O Brasil arrancou em Davos a atenção final dos donos do mundo pela força e surpresa do recado de Lula. Não se tratava apenas do benefício do contraste com o bucanerismo bufão de Chávez, diante de uma platéia conhecedora dos trunfos e blefes de um monopólio estatal do petróleo e do pelego populismo que permite a sua benemerência. O confronto cresce ao associarmos, de vez, democracia e desenvolvimento e, sobretudo, ao liame público-privado na correção da injustiça estrutural do país. O PAC recém anunciado garante o carreio do depósito compulsório dos fundos previdenciários à infra-estrutura da economia, e ao avanço de um processo de urbanização com emprego crescente, à perder de vista.

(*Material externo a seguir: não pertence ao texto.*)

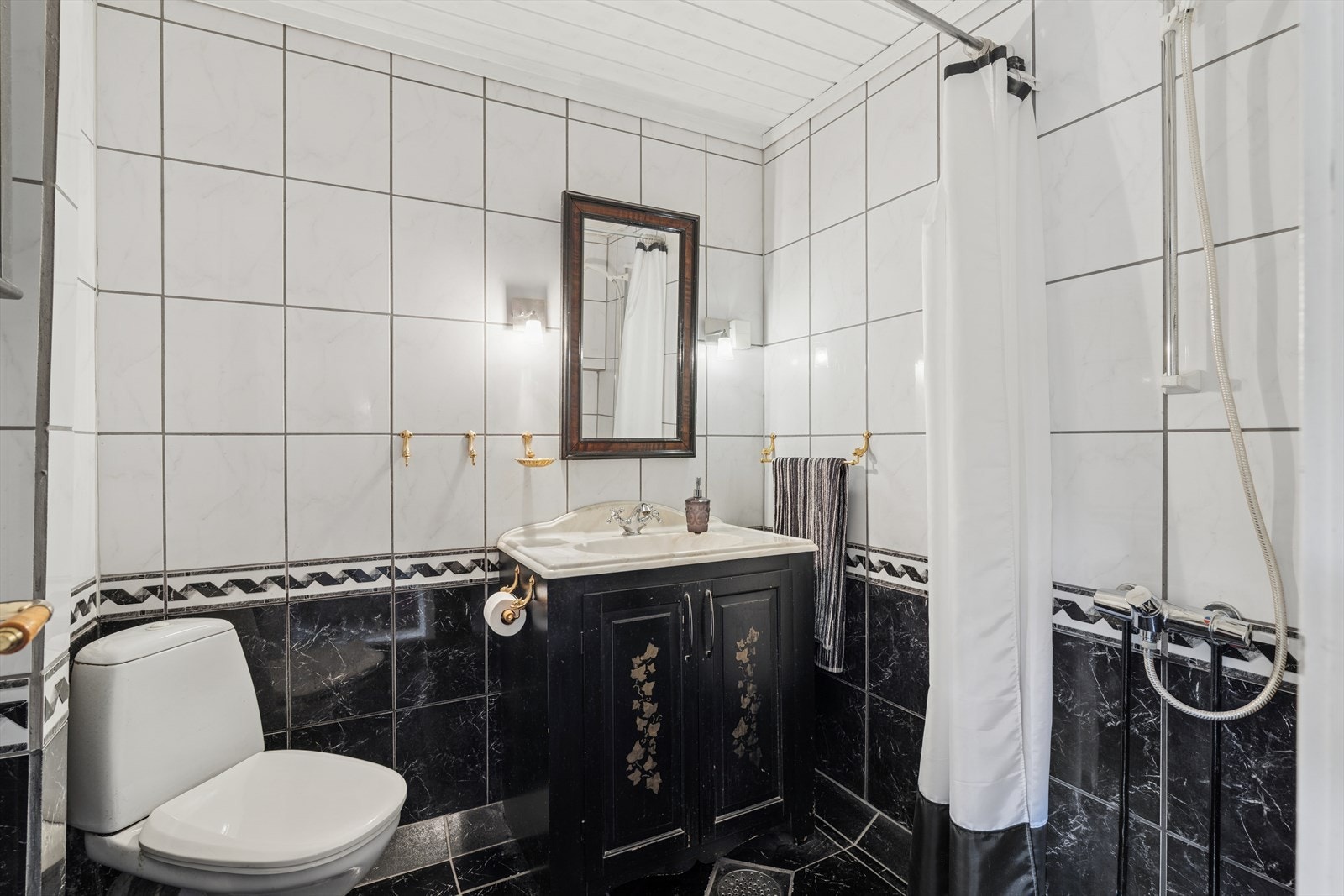 Helfliset baderom med åpen dusj, gulvmontert toalett og servant med skap. Galleribilde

O socialismo do século XXI vai passar por este sucesso sem retórica, do acesso social dos desmunidos à saúde ou à educação, ao lado do mercado de trabalho, e da prosperidade ganha fora do leva-e-traz da esmola populista. Durará o chavismo tanto quanto permaneçam as burras conjunturais do seu petróleo. O reforço de Lula no segundo mandato nasce de outro suporte, que nada tem da fortuna geológica, ou do dote do subsolo nacional. Surge de outra condição tectônica, que é a da consciência da mudança que o elegeu, por sobre o aparelhamento petista, os acessos moralistas e os qüiproquós do país-bem.


O Executivo ganhou de quebra, agora, um Congresso absolutamente chegado ao seu maior denominador fisiológico para ninguém buscar defeito. É uma Câmara a vender tudo por benesses baratas. E o segundo mandato já provou o quanto o presidente venceu a tentação dos carismas para buscar o caminho para fazer do país a alternativa ao neoliberalismo sem ilusões do México, ou às promessas de todas as maracas de Caracas.

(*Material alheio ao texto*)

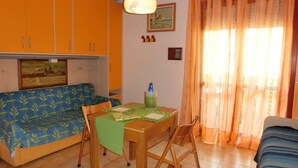 Une petite pièce agréable et chaleureuse, avec un canapé, une table à manger entourée de chaises, un luminaire suspendu et une fenêtre avec des rideaux.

A vitória de Arlindo Chinaglia consagrou o fisiologismo explícito do novo Congresso em toda a sua promessa de ser ainda pior do que o antecedeu. Não se pense em retomadas de iniciativas programáticas a partir do Parlamento, tal como aliás anunciou a pobreza dos discursos dos candidatos presos à inércia do sistema e de seus favores. Nem, de outro lado, a dita "bancada do bem", integrada na opção Fruet, que não chegou a um quindo do colegiado. O que se definiu, sim, foi a competição pelo adesismo que deixa Lula inclusive em condição olímpica e o prêmio de consolação que será dado inclusive às bancadas extremistas de Aldo Rebelo, o bom perdedor.

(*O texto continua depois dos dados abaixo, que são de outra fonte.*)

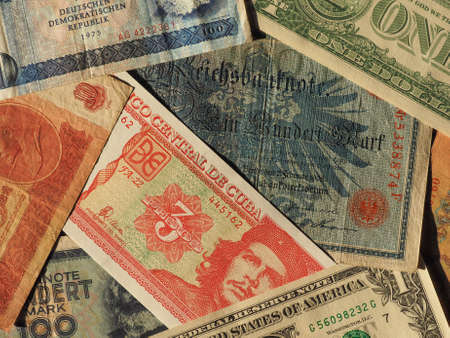 vintage withdrawn money of communist countries including Cuba, Soviet Union (SSSR), East Germany (DDR), and dollar notesの写真素材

Caberá a Lula tão só administrar o que quererá das duas pontas do situacionismo em que o PT entregará, inclusive, a presidência da Câmara ao PMDB nos dois últimos anos do governo. E o lulismo que sairá do êxito do PAC não dissolve mais esta frente partidária ora soldada na Câmara. Nem se alimente qualquer purismo programático numa refundação petista. A consciência popular que levou o presidente a falar ao coração da mudança foge a toda ortodoxia, mas empurra para a oposição o país de todo o sempre. Mesmo que esse ainda ceda às seduções palacianas, ou falte à coragem de se transformar numa legenda ostensivamente conservadora. De toda forma o moralismo tem hoje pernas curtas, como provou a candidatura Fruet. O Brasil do PAC de vez escapa do que fosse um lulismo, pelas linhas tortas do aparelho ou do perigo messiânico.